Keep your site simple and attractive. 73% of customers exit a poorly designed mobile site for a higher-quality site that makes buying easier. A too-long or complicated checkout process accounts for as much as 17% of online cart abandonments, while website errors account for 13%.

Website optimization is a key part of a customer-first strategy. As a Magento website development partner, Guidance was able to simplify the Hearst brands, unifying them in a single platform with unified account management and single sign-on (SSO) on the Magento 2.3 Commerce Cloud. The platform’s solutions are capable of upselling and cross-selling for increased Average Order Value (AOV).

6. Be Transparent

Treat your customers like you would a trusted friend. Only publish content that is accurate and honest, and don’t hide additional fees. In one study, 73% of consumers considered transparency more important than price. As much as 16% of customers abandon carts when they can’t see or calculate the total cost up-front. Putting transparency at the forefront of your ecommerce site goes a long way toward building customer trust.

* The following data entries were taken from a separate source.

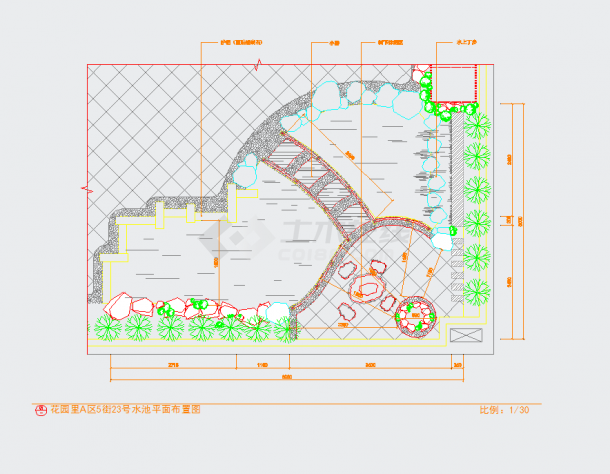 某地某别墅庭院景观设计平面图CAD图纸-图二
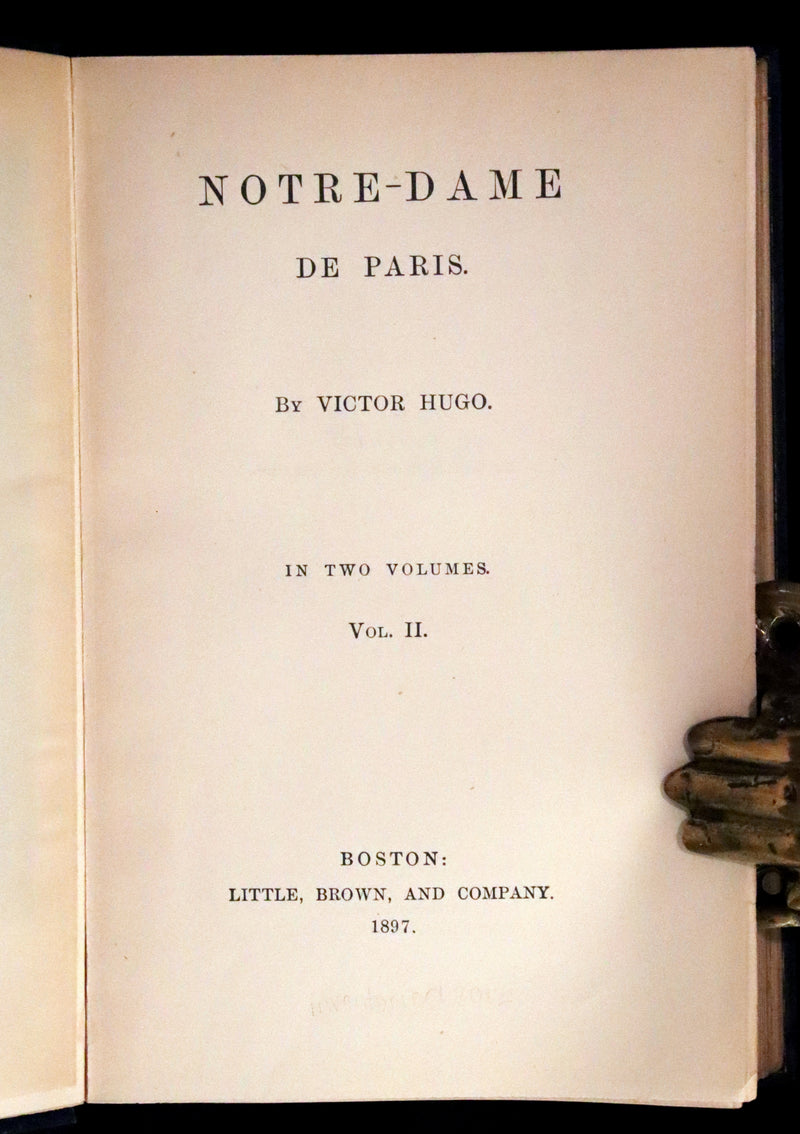 1897 Rare Victorian Book set - NOTRE-DAME de Paris, The Hunchback of Notre-Dame by Victor Hugo. Gothic.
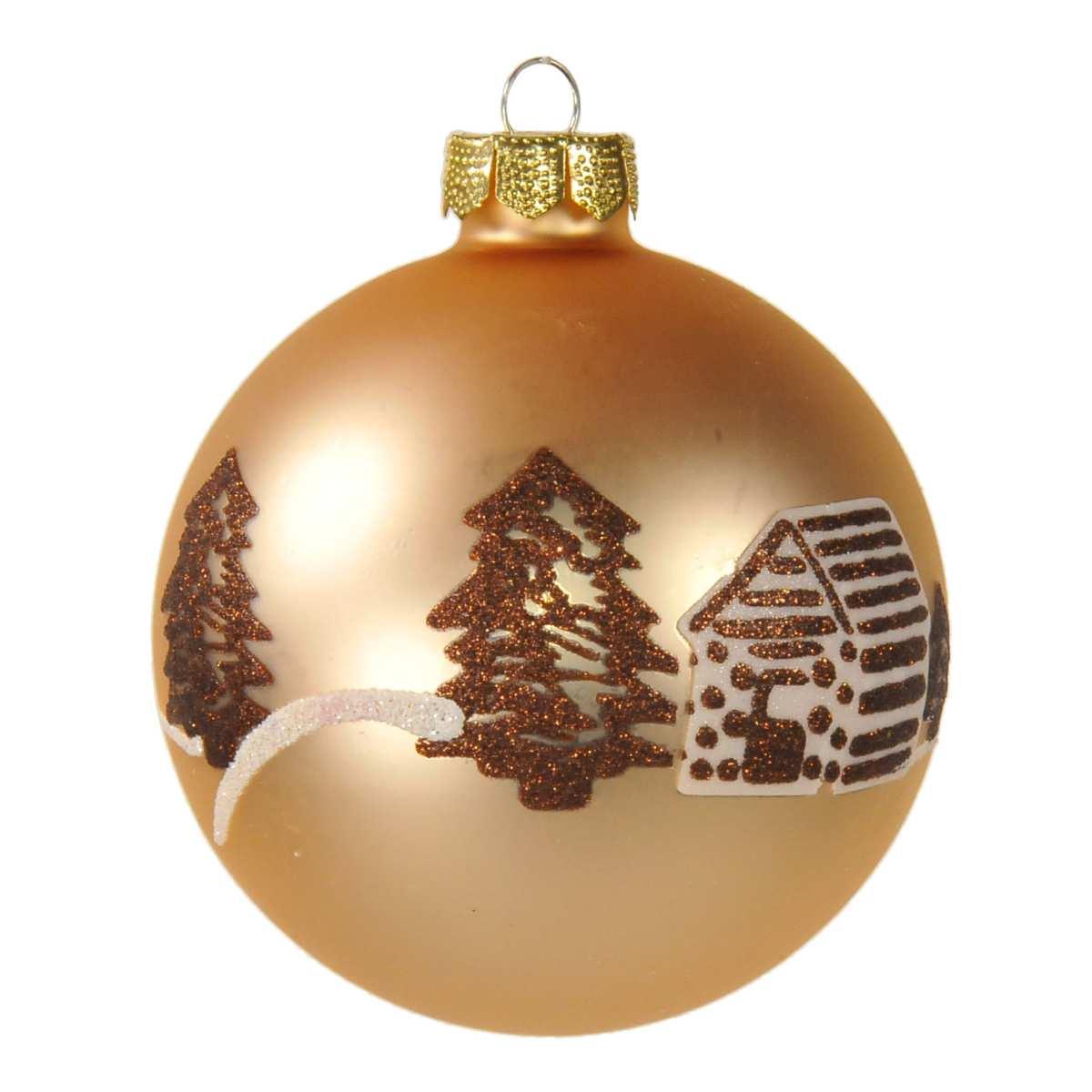 Pallina Natale Vetro cm.Ø8 Champagne opaco con Decori |Inge's Glass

7. Provide Excellent Customer Service

Invest in customer service: it will pay off. Customer retention can be five to 25 times cheaper than acquiring new customers. On a given day, Zappos answered calls in 25 seconds, chats in 31 seconds, and emails in 4 hours and 15 minutes on average. Calls accounted for more than 70% of the total customer interactions.

Founder Tony Hsieh points to the telephone as the differentiator of Zappos’ customer experience. Zappos collects this data every day in a “Daily Breakdown Report,” values the quality of customer interactions over the cost, and uses these metrics to track its performance as an entire organization.

Remember that employee engagement is crucial here. Engaged and satisfied employees are more driven and provide better customer service. Part of your company culture should be supporting employees with proper training and rewarding strong customer service.

8. Survey Customers for Feedback

To close the customer feedback loop, survey customers after they buy a product or service from your ecommerce store. Allianz automatically sends customers a brief survey after every transaction. The survey results are immediately sent to the employee who facilitated the transaction and published on local intranet dashboards for review.

Then, frontline employees call a sample of customers who answered the survey to listen to and correct issues. Soon after implementing this customer feedback system, Allianz saw a double-digit increase in its Net Promoter Score (NPS) and increased policy renewal rates.

9. Prepare for New Customer Technologies

Stay up to date on how technology and your customers’ behavior are changing. Local searches lead 78% of mobile users to visit stores within one day—meaning that optimizing your SEO for local search is increasingly necessary.

Voice search, which has the power to change ecommerce, is more likely to be local. Customers have increasingly used voice search to buy something online, which will only continue as technology improves. Keep up with your customers by staying updated on voice and other new technologies.

Examples of Customer-Obsessed Companies

At Guidance, we have seen firsthand how customer obsession transformed company success, including with our own clients, Anastasia Beverly Hills and Drybar. These two customer-obsessed examples prove that focusing on customer needs leads directly to business success.

Anastasia Beverly Hills

Anastasia Beverly Hills obsesses over its customers, and the feeling is mutual. Founded in 1997, the cosmetics brand is adored most for its eyebrow line, which was way ahead of its time.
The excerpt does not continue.